SUPPLIED MATERIAL below:

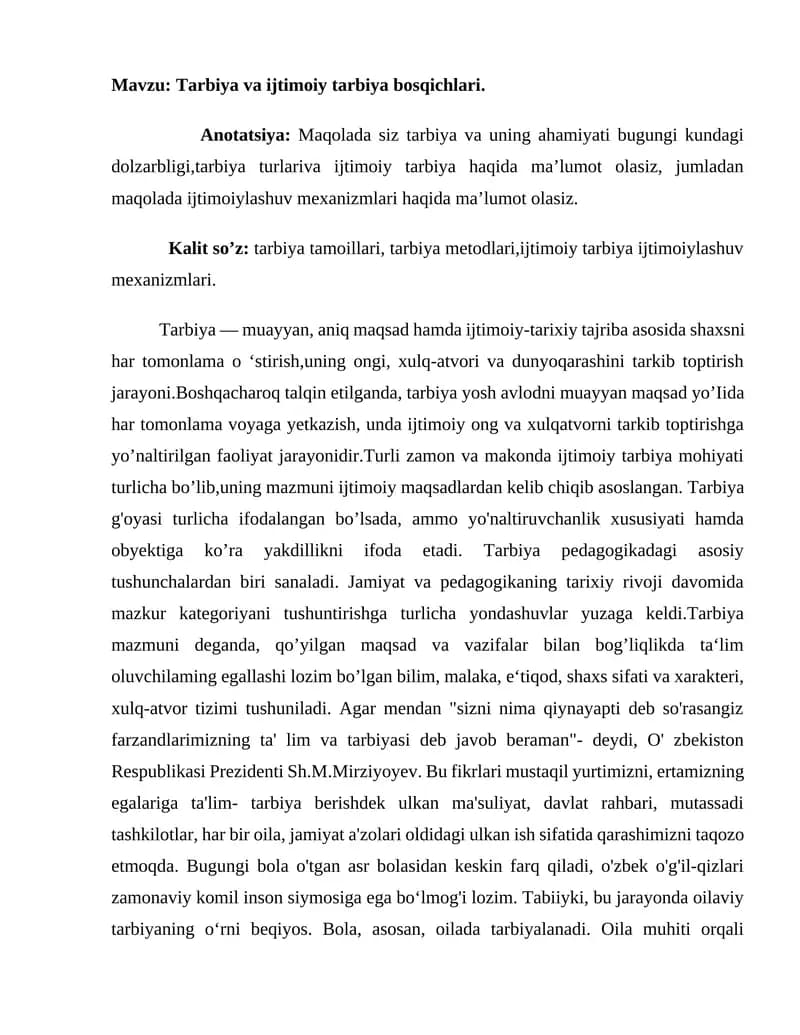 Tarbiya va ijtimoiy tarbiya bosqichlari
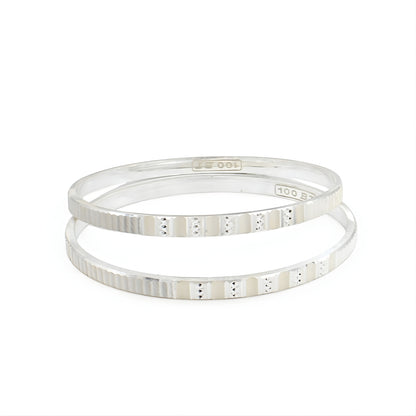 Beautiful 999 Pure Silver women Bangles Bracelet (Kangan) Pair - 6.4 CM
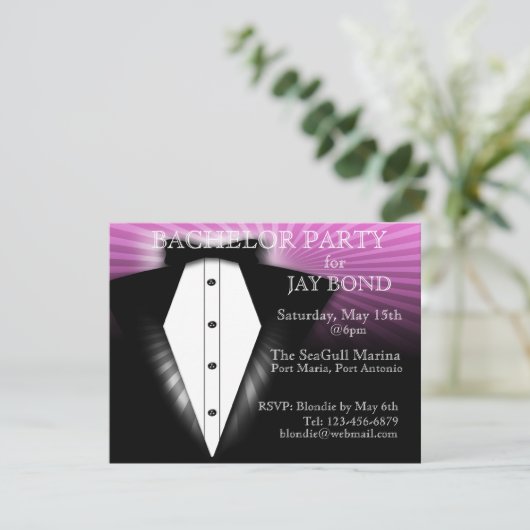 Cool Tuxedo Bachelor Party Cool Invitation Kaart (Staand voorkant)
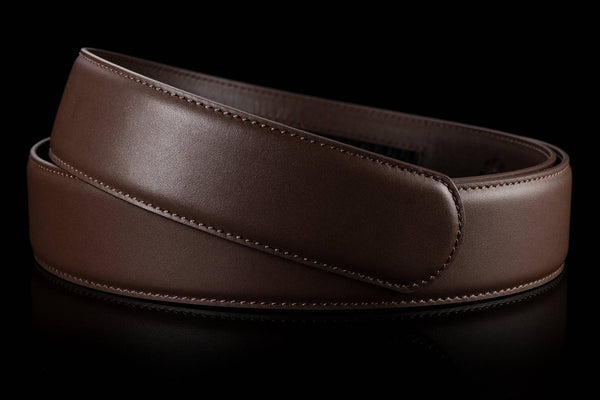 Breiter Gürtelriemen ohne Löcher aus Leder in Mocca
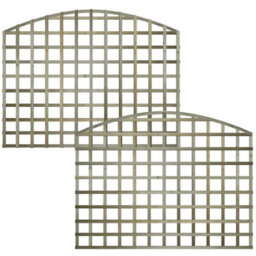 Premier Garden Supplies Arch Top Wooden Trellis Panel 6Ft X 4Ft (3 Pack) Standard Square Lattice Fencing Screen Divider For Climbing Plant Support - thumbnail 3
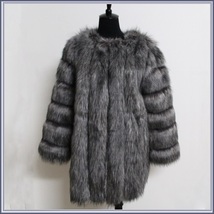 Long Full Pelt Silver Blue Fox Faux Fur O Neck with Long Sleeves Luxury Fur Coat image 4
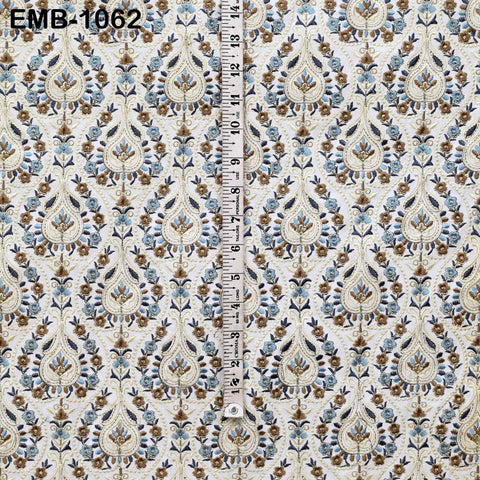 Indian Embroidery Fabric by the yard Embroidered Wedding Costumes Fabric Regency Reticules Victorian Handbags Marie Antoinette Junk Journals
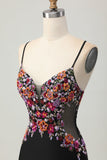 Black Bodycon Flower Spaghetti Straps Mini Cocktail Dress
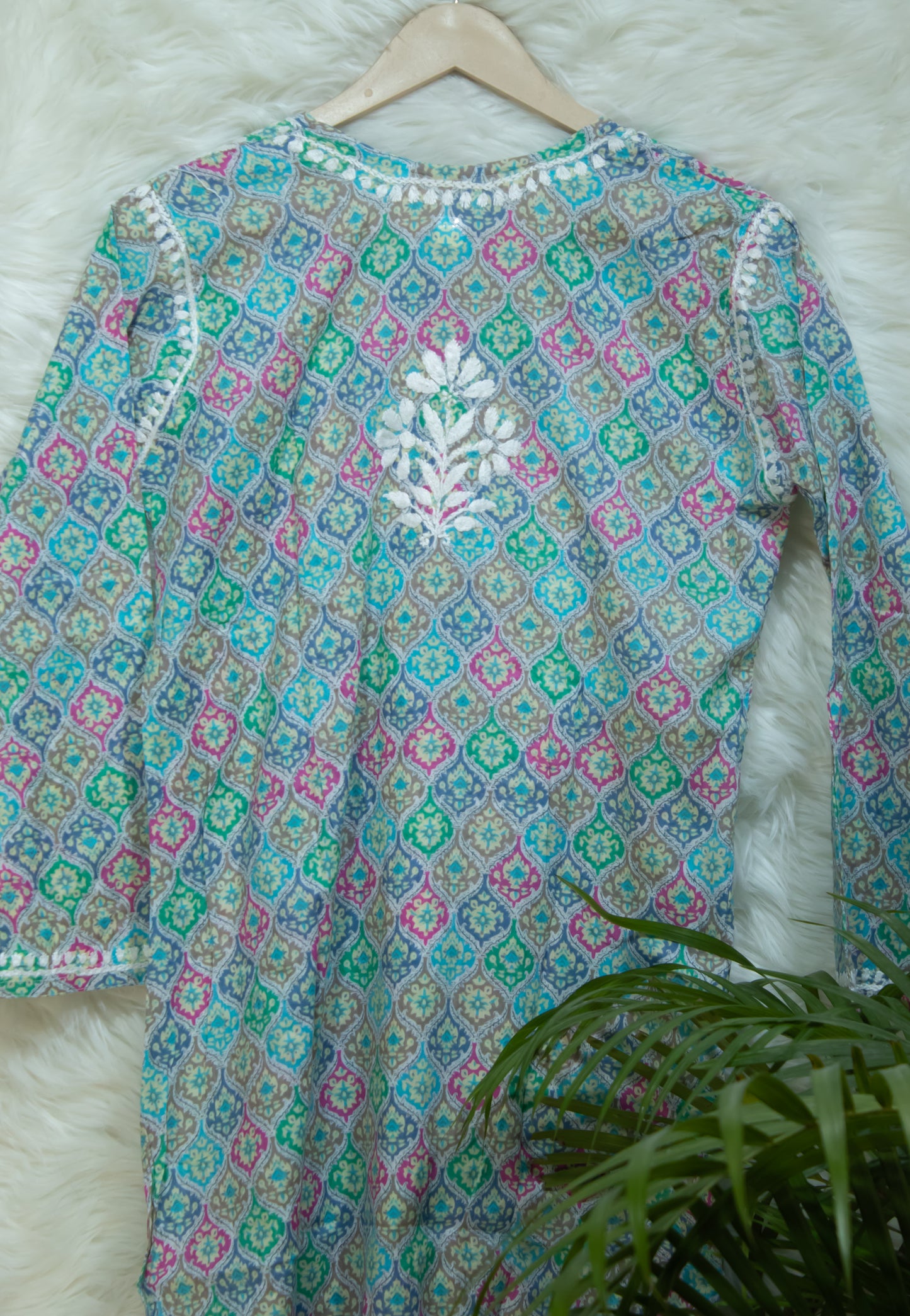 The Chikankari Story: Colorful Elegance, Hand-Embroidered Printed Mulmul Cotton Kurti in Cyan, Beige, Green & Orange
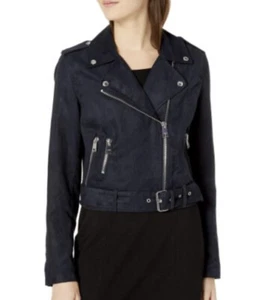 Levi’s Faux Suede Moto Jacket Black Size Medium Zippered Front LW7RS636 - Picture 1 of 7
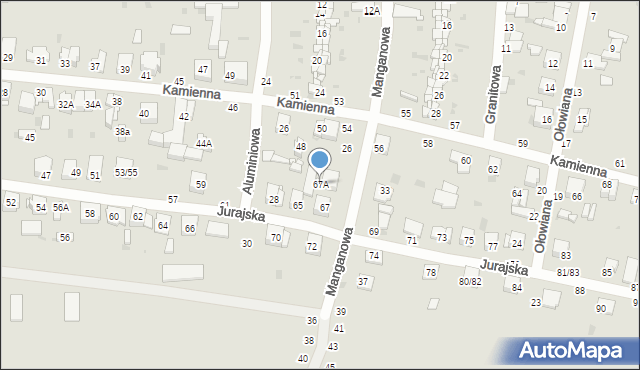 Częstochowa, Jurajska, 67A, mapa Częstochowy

End of SUPPLIED MATERIAL.

# WHAT NEEDS TO BE DONE
Write the data out again exactly, but without its images.

# SOLVED PROBLEM
 Tarbiya va ijtimoiy tarbiya bosqichlari
 Beautiful 999 Pure Silver women Bangles Bracelet (Kangan) Pair - 6.4 CM
 Cool Tuxedo Bachelor Party Cool Invitation Kaart (Staand voorkant)
 Breiter Gürtelriemen ohne Löcher aus Leder in Mocca
 Premier Garden Supplies Arch Top Wooden Trellis Panel 6Ft X 4Ft (3 Pack) Standard Square Lattice Fencing Screen Divider For Climbing Plant Support - thumbnail 3
 Long Full Pelt Silver Blue Fox Faux Fur O Neck with Long Sleeves Luxury Fur Coat image 4
 Indian Embroidery Fabric by the yard Embroidered Wedding Costumes Fabric Regency Reticules Victorian Handbags Marie Antoinette Junk Journals
 Black Bodycon Flower Spaghetti Straps Mini Cocktail Dress
 The Chikankari Story: Colorful Elegance, Hand-Embroidered Printed Mulmul Cotton Kurti in Cyan, Beige, Green & Orange
 Levi’s Faux Suede Moto Jacket Black Size Medium Zippered Front LW7RS636 - Picture 1 of 7
 Częstochowa, Jurajska, 67A, mapa Częstochowy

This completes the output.